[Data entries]

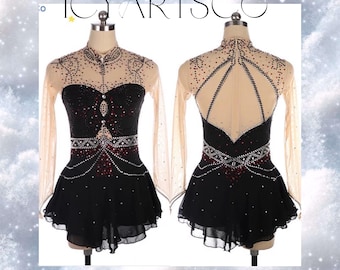 Ice Skating Dress “Dark Queen”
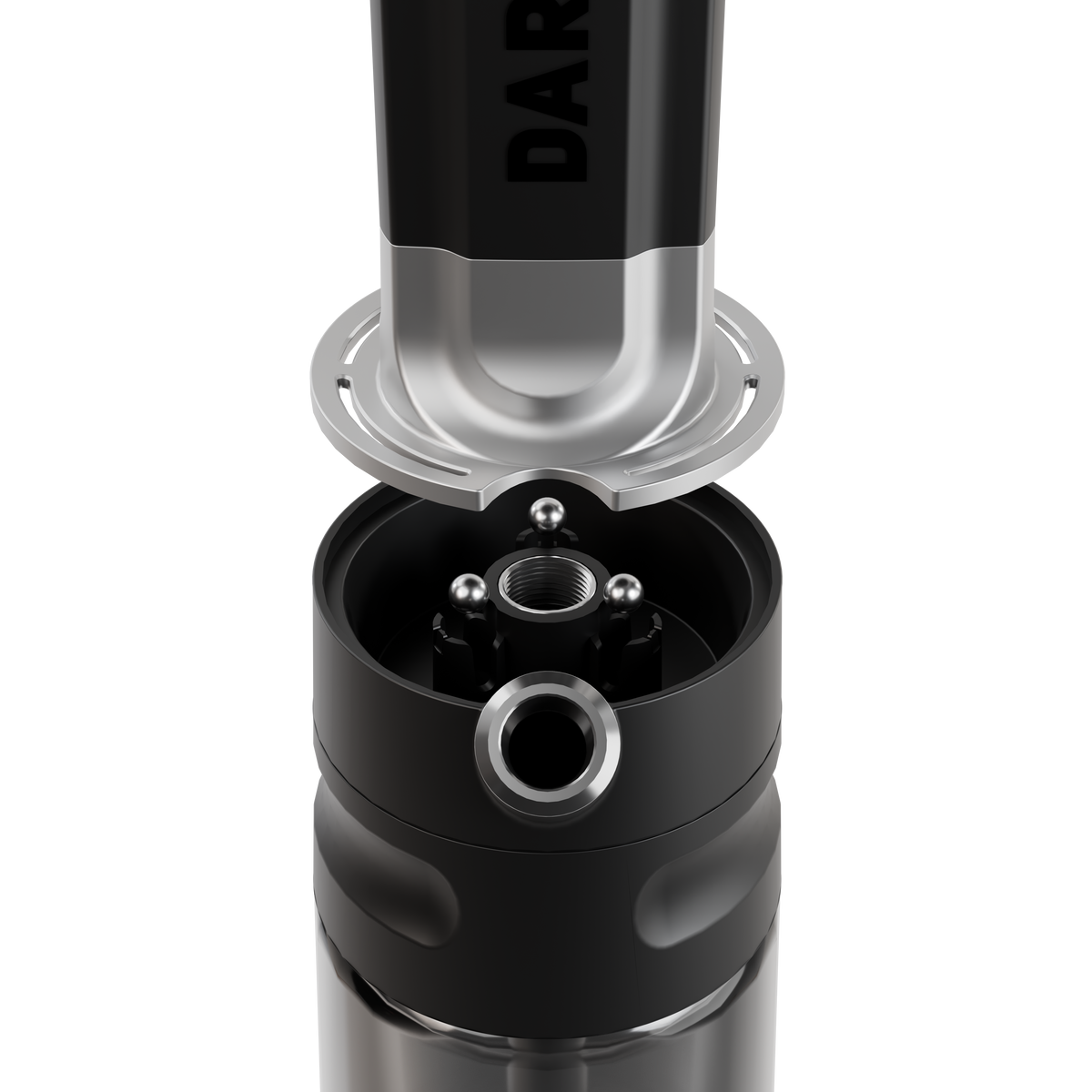Darkside EVO shisha click-system coupling with flange, ball bearings and magnetic port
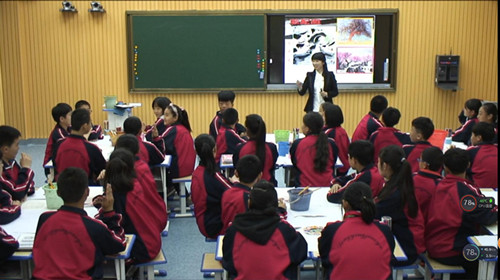 我校小学部美术组开展“生本课堂”活动
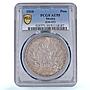 Mexico 1 peso Caballito Grito Dolores Independence AU55 PCGS silver coin 1910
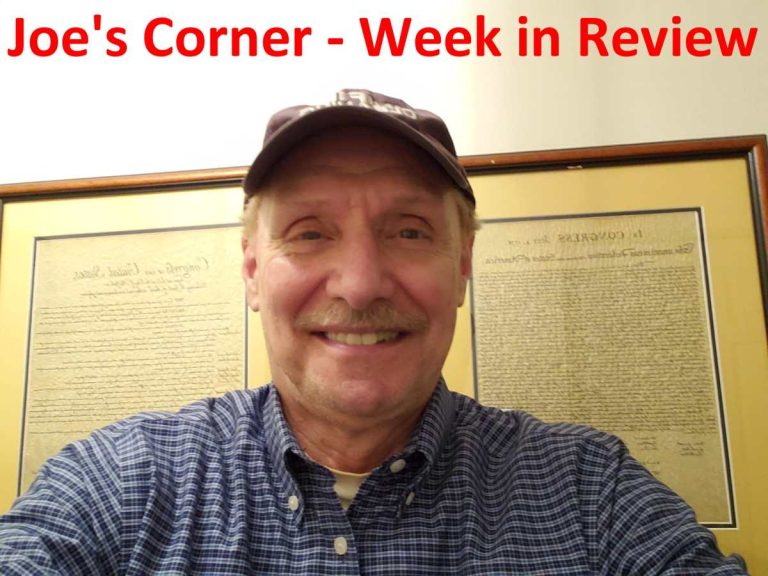 Joe’s Corner – Weekly Notes, for 10-9 to 10-15-2022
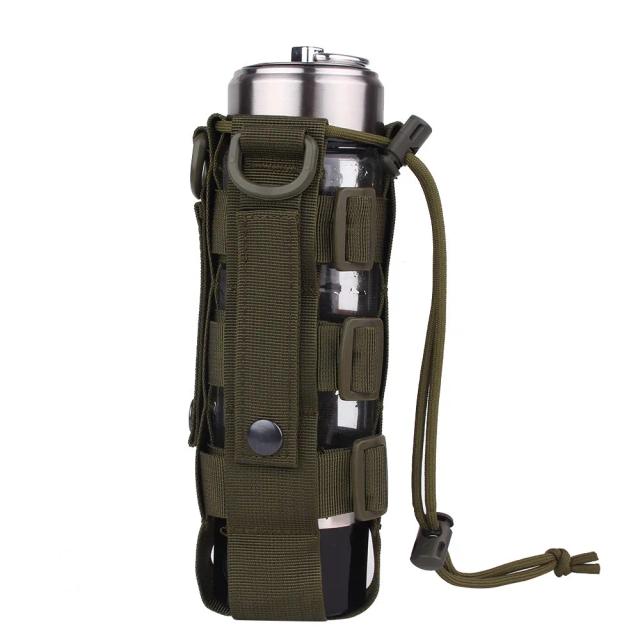 Pochete de Garrafa de Água Molle Atualizada para Viagens e Caminhadas com Cordão Ajustável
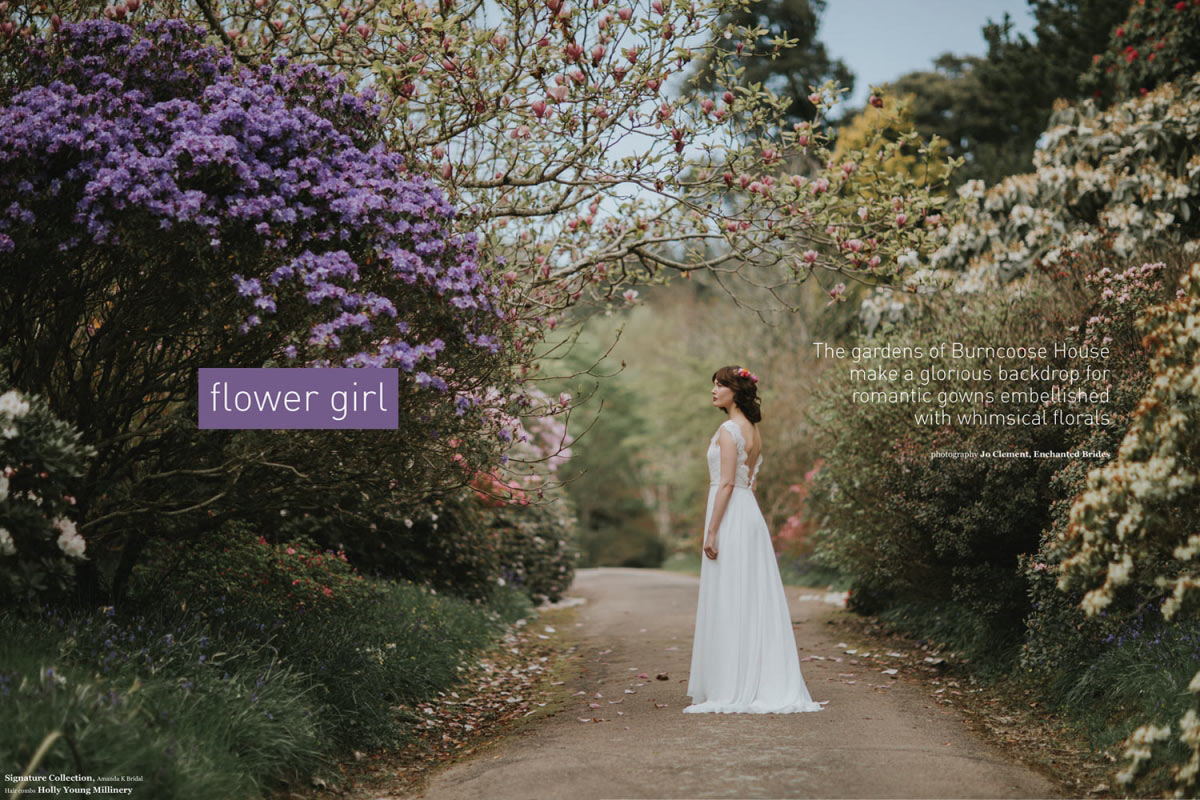 Wedding Dresses Cornwall | Burncoose House | Enchanted Brides Photography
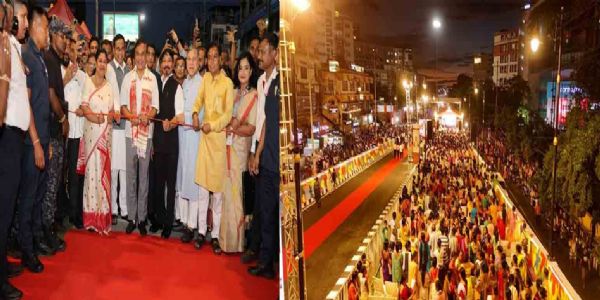 মুখ্যমন্ত্ৰীর হাতে উদ্বোধিত ১১২ কোটি টাকা ব্যয়ে নিৰ্মিত গুয়াহাটির রুক্মিণীগাঁও উড়ালপুল
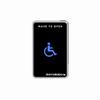 Show product details for 910TC-HC Dormakaba Rutherford Controls Touchless Switch (Wheelchair) - Black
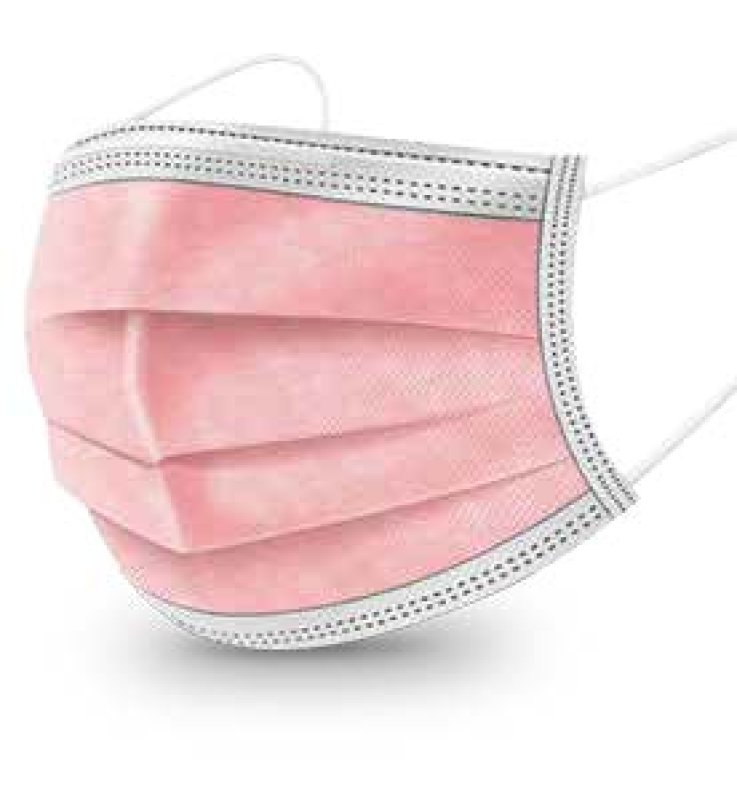 MASCHERINA CHIR ROSA 360 10PZ IT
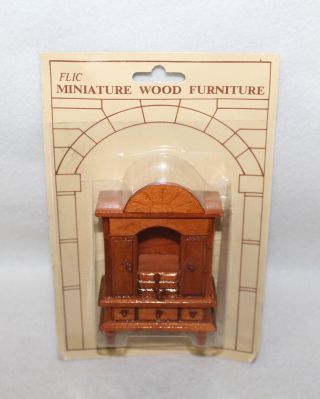 Vintage Doll House Wood Flic “clothing Amoire” In Package
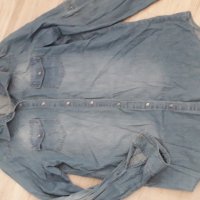 Синя дънкова риза Vero Moda , снимка 1 - Ризи - 30537501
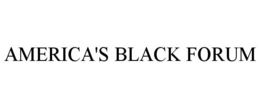 AMERICA'S BLACK FORUM trademark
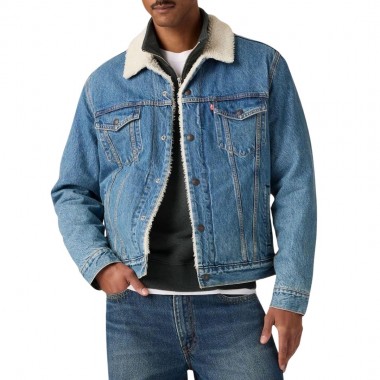 LEVI'S TYPE 3 SHERPA TRUCKER JACKET WASHED AWAY SHERPA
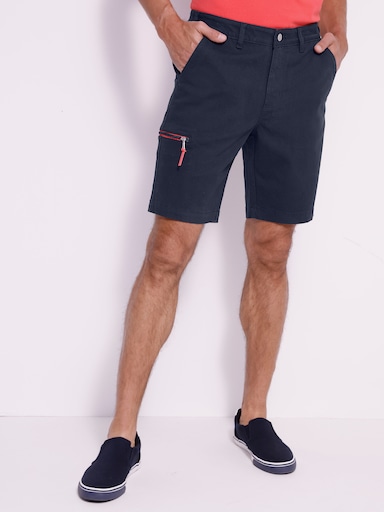Bermudas mit Reißverschluss-Tasche - marine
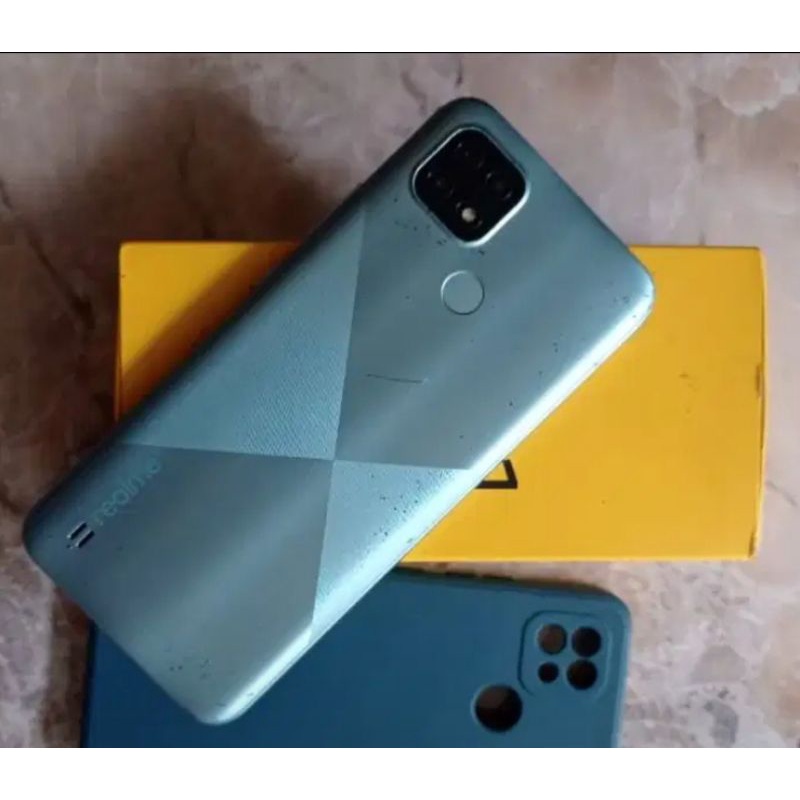 Realme C21 Ram 4 Rom 64GB (SECOND) siap pakai lengkap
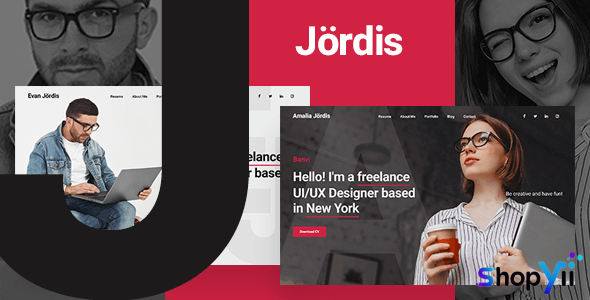 Jordis v1.0 - Bootstrap 4 Personal Portfolio Template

### INSTRUCTIONS TO FOLLOW
Print each entry shown above with exact wording and no pictures.

### ANSWER
 Ice Skating Dress “Dark Queen”
Darkside EVO shisha click-system coupling with flange, ball bearings and magnetic port
 我校小学部美术组开展“生本课堂”活动
 Mexico 1 peso Caballito Grito Dolores Independence AU55 PCGS silver coin 1910
 Joe’s Corner – Weekly Notes, for 10-9 to 10-15-2022
 Pochete de Garrafa de Água Molle Atualizada para Viagens e Caminhadas com Cordão Ajustável
 Wedding Dresses Cornwall | Burncoose House | Enchanted Brides Photography
 মুখ্যমন্ত্ৰীর হাতে উদ্বোধিত ১১২ কোটি টাকা ব্যয়ে নিৰ্মিত গুয়াহাটির রুক্মিণীগাঁও উড়ালপুল
 Show product details for 910TC-HC Dormakaba Rutherford Controls Touchless Switch (Wheelchair) - Black
 MASCHERINA CHIR ROSA 360 10PZ IT
 Vintage Doll House Wood Flic “clothing Amoire” In Package
 Синя дънкова риза Vero Moda , снимка 1 - Ризи - 30537501
 AMERICA'S BLACK FORUM trademark
 LEVI'S TYPE 3 SHERPA TRUCKER JACKET WASHED AWAY SHERPA
Bermudas mit Reißverschluss-Tasche - marine
 Realme C21 Ram 4 Rom 64GB (SECOND) siap pakai lengkap
 Jordis v1.0 - Bootstrap 4 Personal Portfolio Template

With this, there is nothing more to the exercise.